WHEREAS, Apriva and Business each possess certain proprietary and confidential information (together called the “Confidential Information”). Apriva and the Business each desire to share in confidence some of such Confidential Information in their possession with one another for purposes of discussing a potential business relationship (the “Purpose”) on the condition that each party provides proper safeguards to protect the other party’s Confidential Information. The party providing Confidential Information in each case is called the “Disclosing Party”; the party receiving the Confidential Information is called the “Receiving Party.”

NOW, THEREFORE, in consideration of the foregoing and of the mutual covenants and agreements hereinafter set forth and intending to be legally bound, the parties hereby agree as follows:

1. Definition of Confidential Information.

“Confidential Information” means (a) any financial, scientific, technical and non-technical or other information or materials, including samples, related to a party’s business and current, future and proposed products and services of each of the parties, including for example and without limitation, each party’s respective information concerning research, development, design details and specifications, financial information, procurement requirements, engineering and manufacturing information, customer lists, business forecasts, sales information and marketing plans and (b) any information a party has received from a third party that may be disclosed and which that party has an obligation to the third party to treat as confidential or proprietary, except that information disclosed by Discloser (defined below) will be considered Confidential Information of Discloser by Recipient (defined below), only if the information (a) if provided as information fixed in tangible form or in writing (e.g., paper, disk or electronic mail), is conspicuously designated as “Confidential” (or with some other similar legend), (b) if provided orally or visually, is identified as confidential at the time of disclosure and confirmed in writing within thirty (30) days of disclosure or (c) is otherwise learned or viewed by Recipient during a visit to the Discloser’s premises. For purposes of this Agreement, “Discloser” means the party disclosing its Confidential Information to the other party, who shall be referred to in this Agreement as “Recipient.”

2. Nondisclosure and Nonuse Obligations.

Recipient will not use any Confidential Information except to the extent necessary for the purpose described below the signatures to this Agreement (the “Purpose”) and Recipient will not disseminate or in any way disclose any Confidential Information to any third party, except as such disclosure is expressly permitted in this Agreement.
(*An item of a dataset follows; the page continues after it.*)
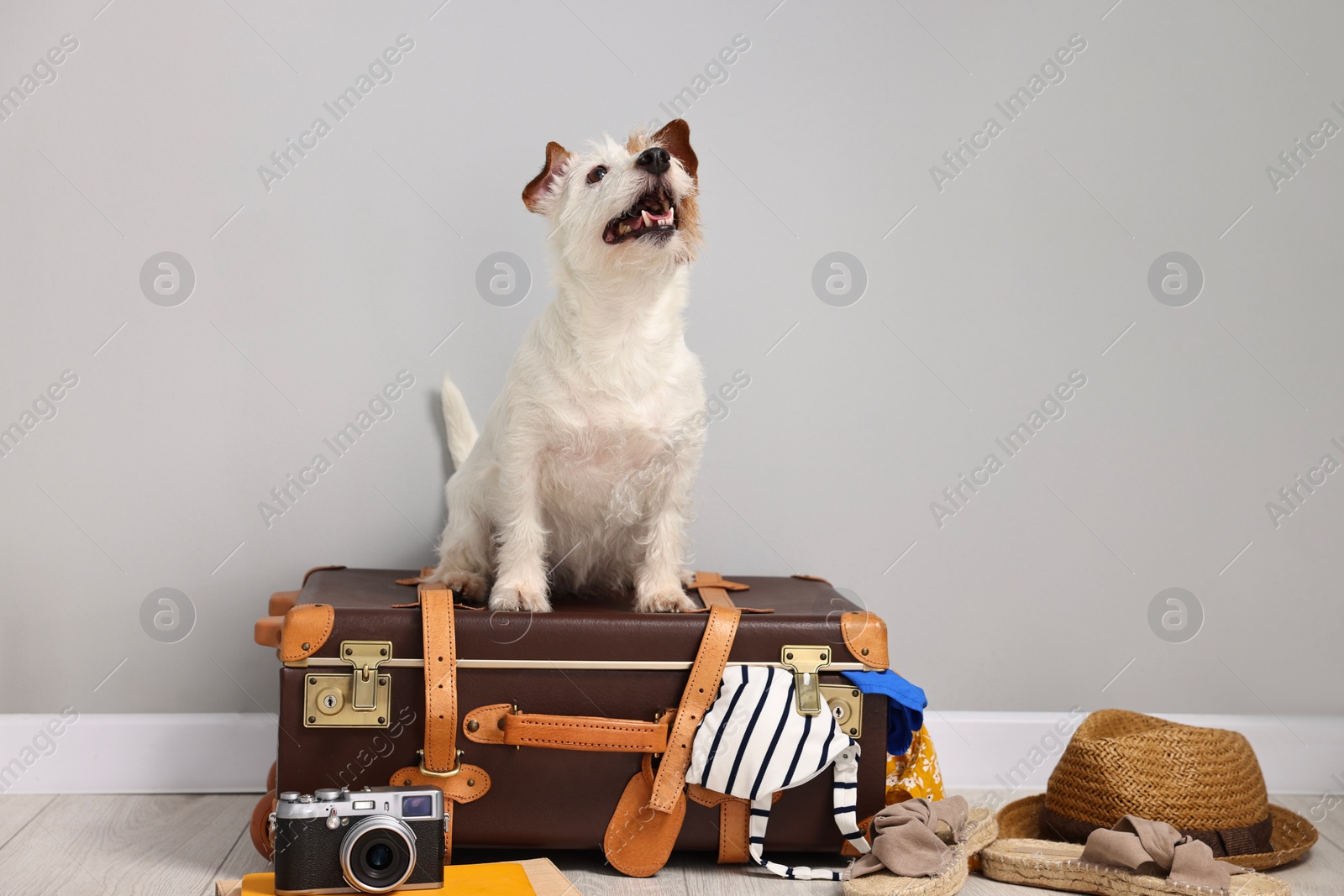 Photo of Travel with pet. Dog, clothes and suitcase indoors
Furthermore, neither party may disclose the existence of any negotiations, discussions or consultations in progress between the parties to any third party or make any public announcement of such negotiations, discussions or consultations without the prior written approval of the other party. Recipient shall treat all of Discloser’s Confidential Information with the same degree of care as Recipient accords to Recipient’s own Confidential Information, but not less than reasonable care. Recipient shall disclose Discloser’s Confidential Information only to those of Recipient’s employees, consultants and contractors who need to know the information to assist Recipient with respect to the Purpose. Recipient certifies that each of its employees, consultants and contractors will have agreed, either as a condition of employment or in order to obtain Discloser’s Confidential Information, to be bound by terms and conditions substantially similar to those terms and conditions applicable to Recipient under this Agreement.

3. Exclusions from Nondisclosure and Nonuse Obligations.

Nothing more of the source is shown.